$2.41 trillion. That’s the estimate of the cost of poor software quality in the US for 2022. $607bn of that was just finding and fixing bugs. Imagine a world where even safety-critical software systems do not fail. By safety critical, I mean the systems that control airplanes and air traffic, 911 calls, and the power grid delivering gas and electricity supplies. All of these have disasters reported where a computer glitch was cited as the problem. Medical machines are controlled by software, from the heart rate monitor on watches, to the robot surgeon in the hospital. The Food and Drug Administration (FDA) has a whole database of recalled medical devices that include software issues as root cause. Some of them are Class I which means there is “a reasonable chance” that the product will cause health problems or death1.

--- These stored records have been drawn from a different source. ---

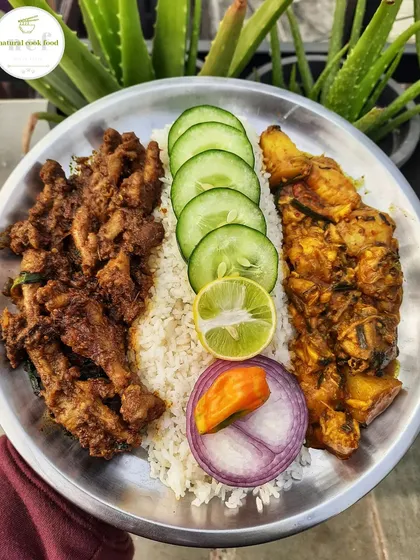 A New Year's special meal with a simple fish curry, chicken feet and liver stir fry, and fresh salad.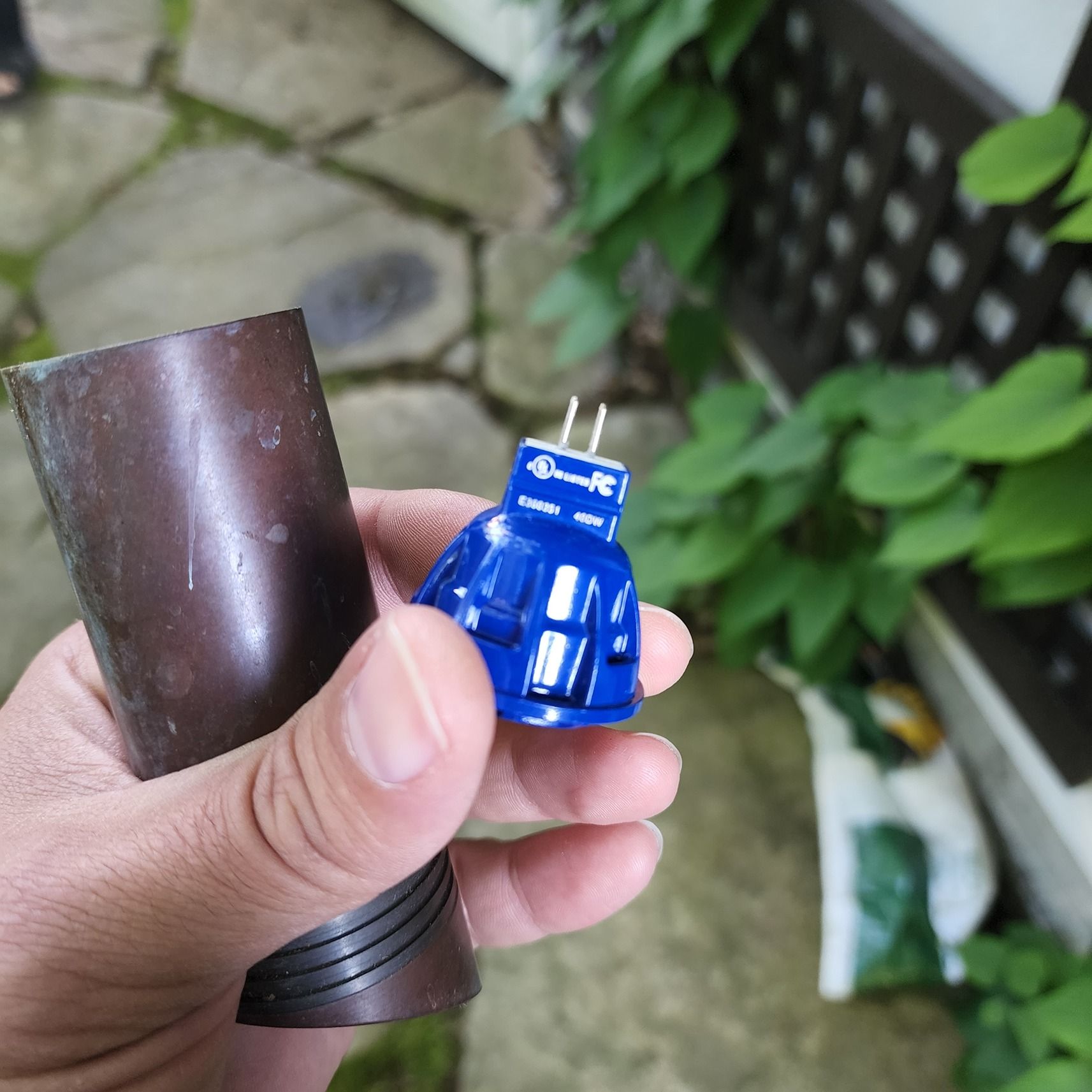 A person is holding a small blue object in their hand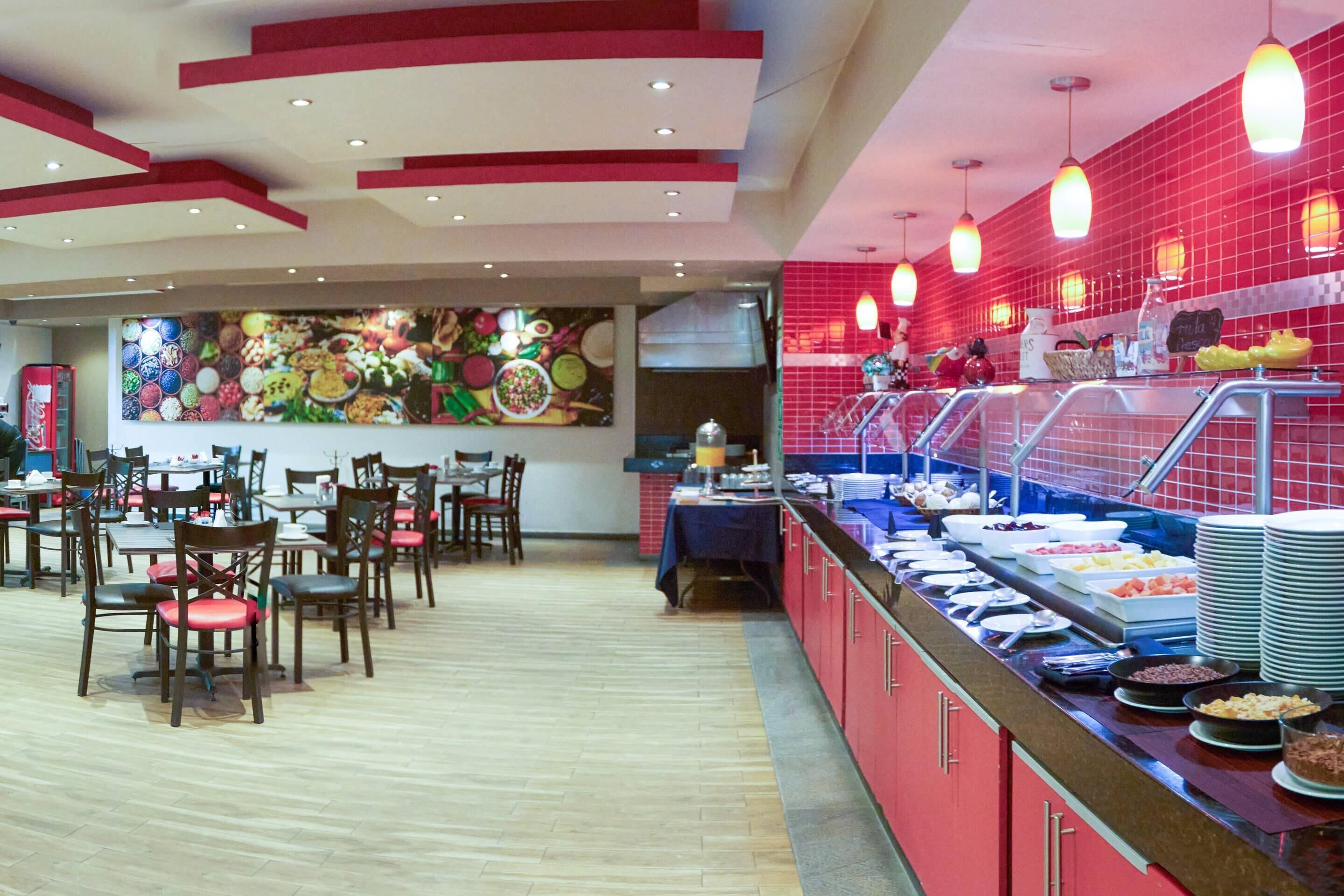 Un área de bufé con diferentes opciones de comida, un espacio de comedor con mesas y sillas, y un mural de pared llamativo.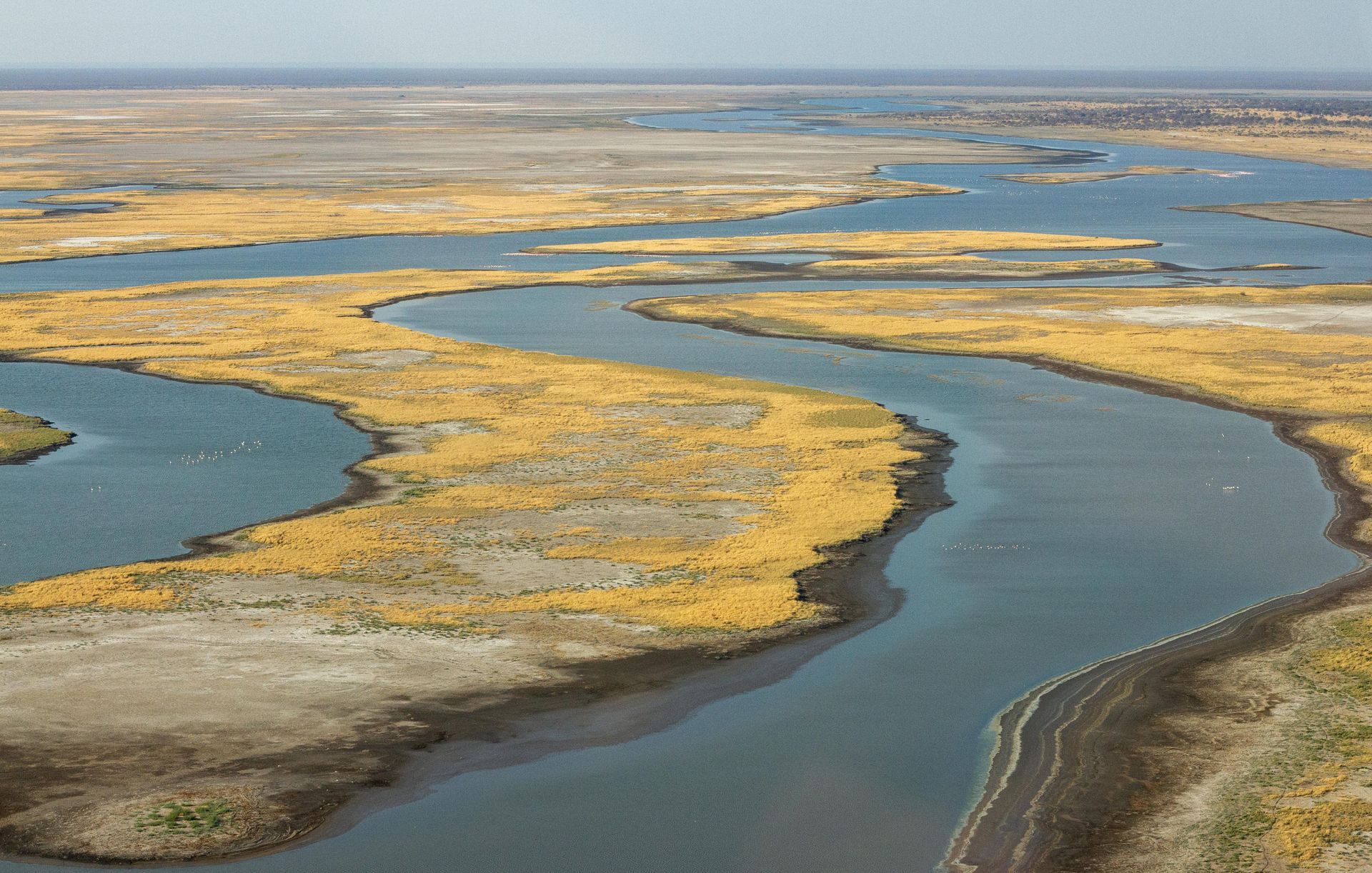 Winding Okavango Delta against a blue sky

Software engineers are constantly trying to improve how software is created at all stages of the process, not just coding. How can it be right the first time? It is not possible to prove that there are no bugs. But engineers work hard to find them at all stages of creating and testing the software. Once it is released, engineers still have to maintain the code and fix the issues that inevitably show up. Now I’m sure you’ve heard about Artificial Intelligence (AI), ChatGPT, machine learning, and big data. My research involved looking for ways to use those machine learning algorithms to find bugs. I experimented to see if certain models can work together to make one stronger model, something like a voting system for best one. The data I used to feed into the machine to predict where the errors are, was created by NASA and is freely available for the purpose of improving software engineering.

So, if software engineers can use AI to predict and find more of the errors while building and testing software, they won’t have to go back and fix things. That time can be used instead to innovate and create better new products and services. If they can find the problems in software that is already out there before safety-critical systems go down, it will save not only billions of dollars, but save lives.
This post is adapted from my 3MT2 (three-minute thesis) entry November 2023 at East Carolina University.
- https://www.fda.gov/medical-devices/medical-device-safety/medical-device-recalls. Medical device recalls, U.S. Food & Drug Administration accessed 1/14/2025.
- https://threeminutethesis.uq.edu.au/higher-degrees-researchstart-your-3mt-journey-here. “The competition supports their capacity to effectively explain their research in three minutes, in a language appropriate to a non-specialist audience.”